[[ DATA SHOWN open ]]

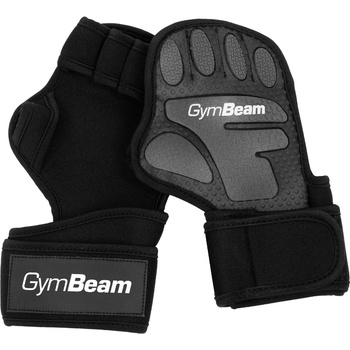 GymBeam Фитнес ръкавици Heavy Grip Black L/XL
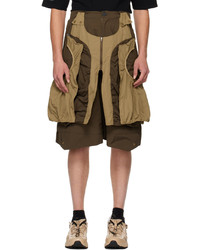 Archival Reinvent Brown 02 Shorts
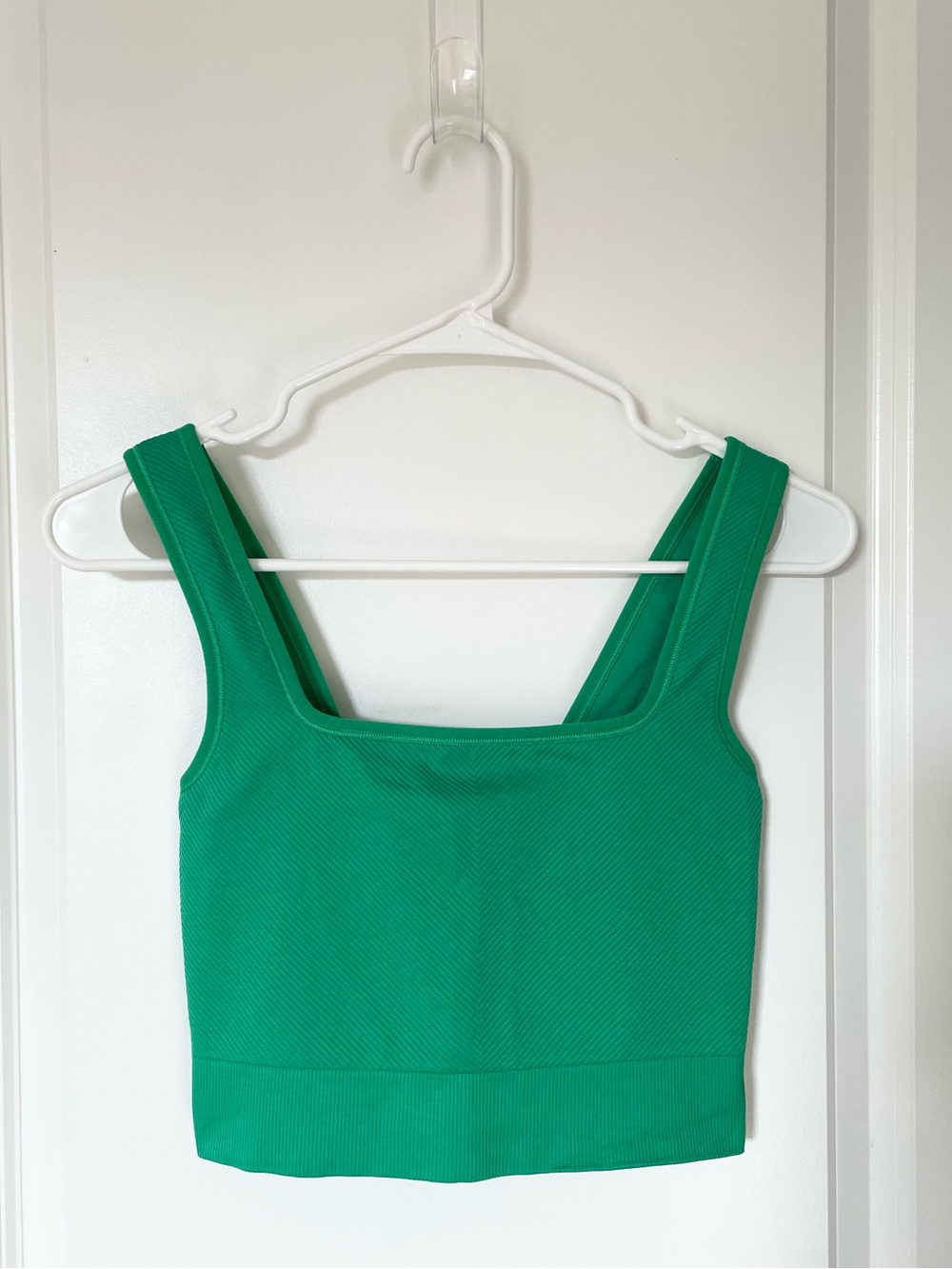 All in Motion Seamless Cropped Tank Top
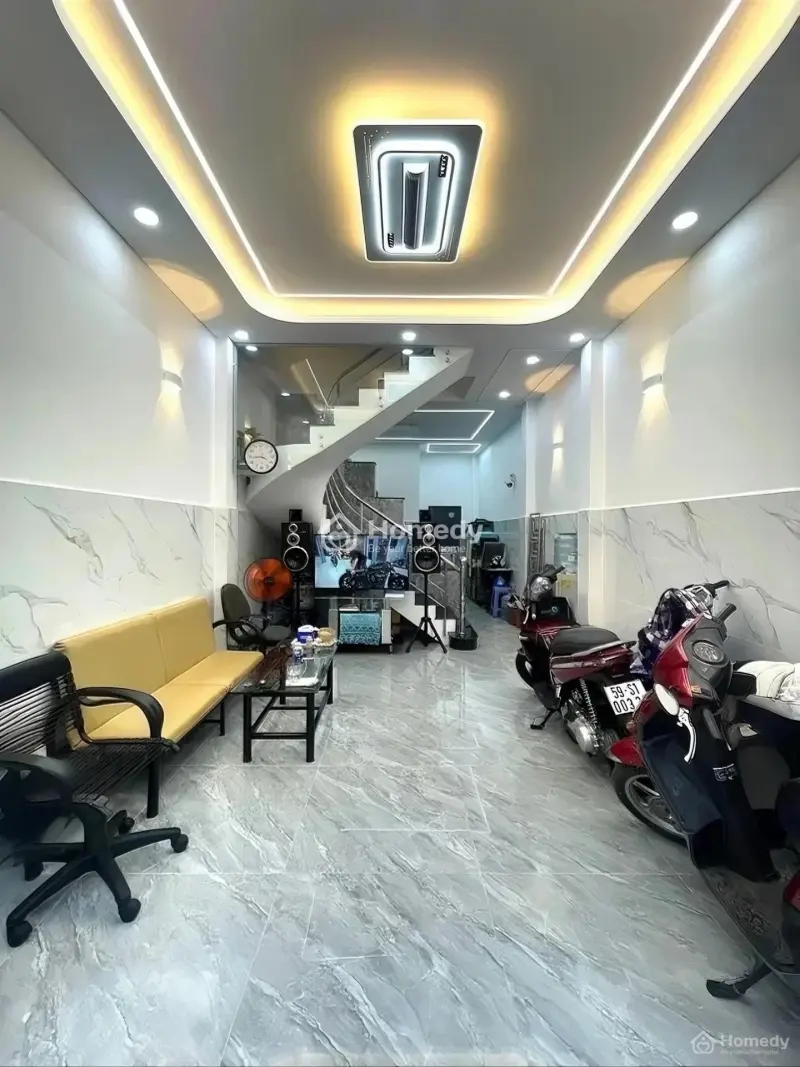 [Phường Vườn Lài] Bán Nhà 4 Tầng Hxh Lê Hồng Phong – 43M² – Nhà Mới Ở Ngay – Chỉ 10.65 Tỷ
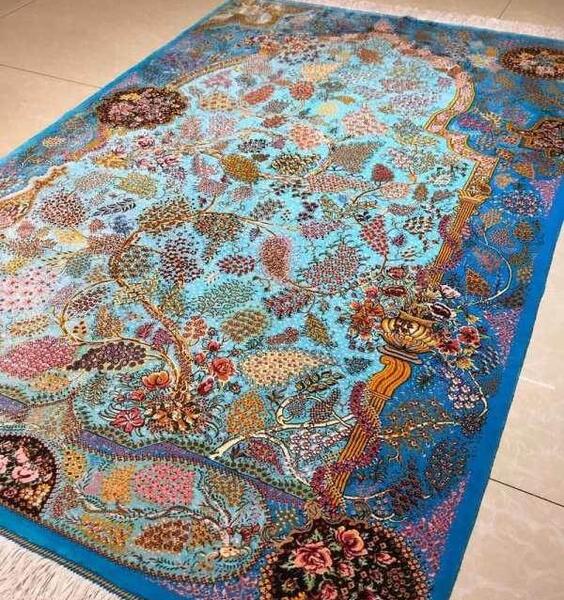 عکس فرش طبیعی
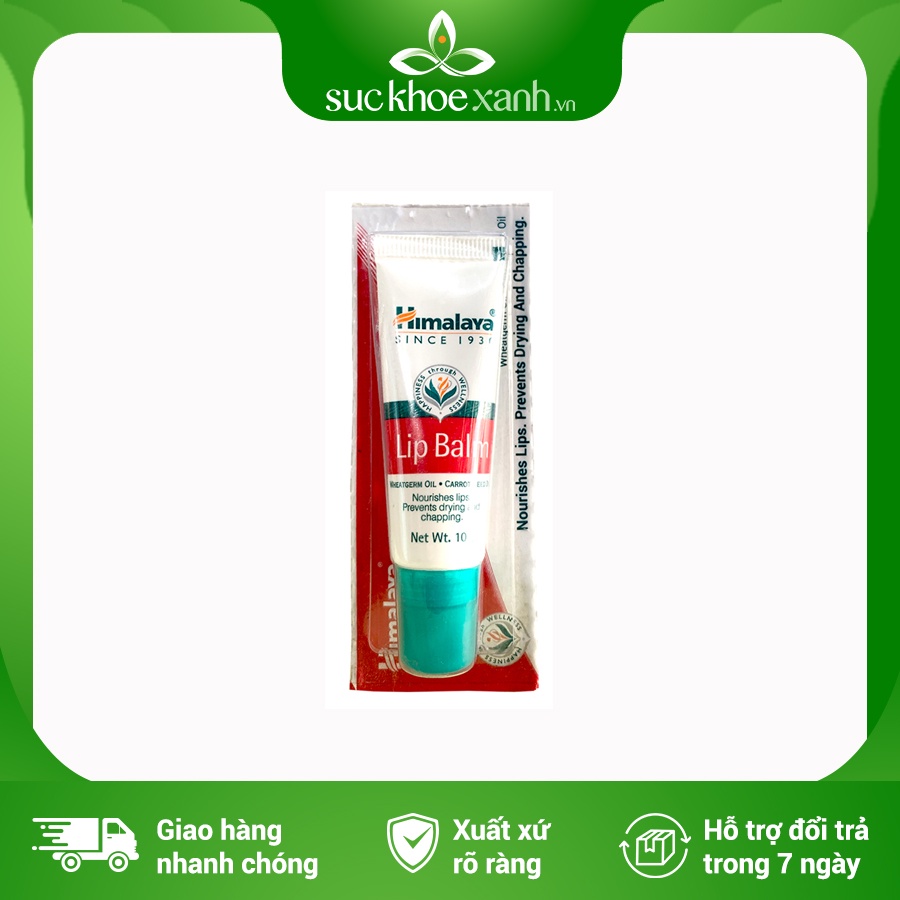 Kem dưỡng môi thảo dược Lip Balm Ấn Độ 10ml
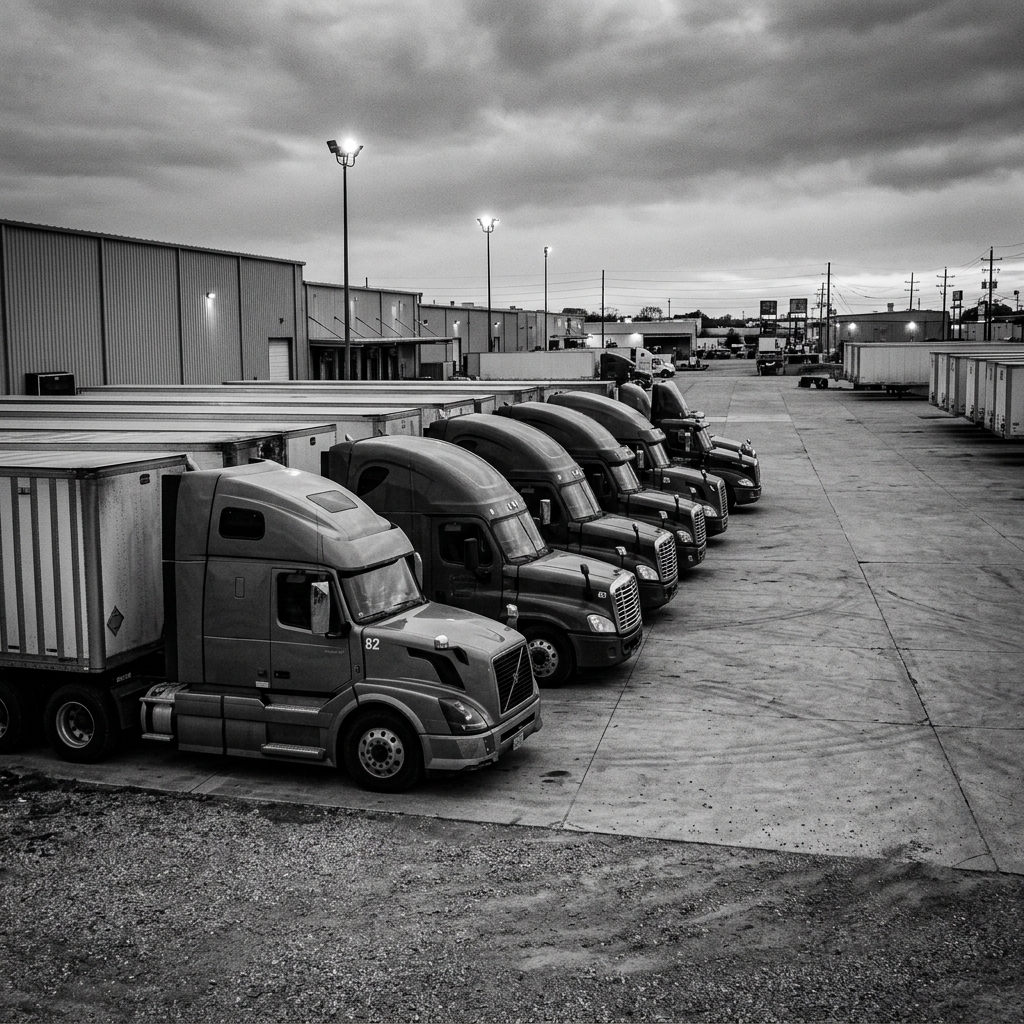 Truck fleet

[[ DATA SHOWN closed ]]

* _EXERCISE PROMPT_: Leave every picture out and copy precisely the lines from the one containing "[Phường Vườn Lài]" through the last line of the data above, both ends included.

* _REPLY_:
 [Phường Vườn Lài] Bán Nhà 4 Tầng Hxh Lê Hồng Phong – 43M² – Nhà Mới Ở Ngay – Chỉ 10.65 Tỷ
 عکس فرش طبیعی
 Kem dưỡng môi thảo dược Lip Balm Ấn Độ 10ml
 Truck fleet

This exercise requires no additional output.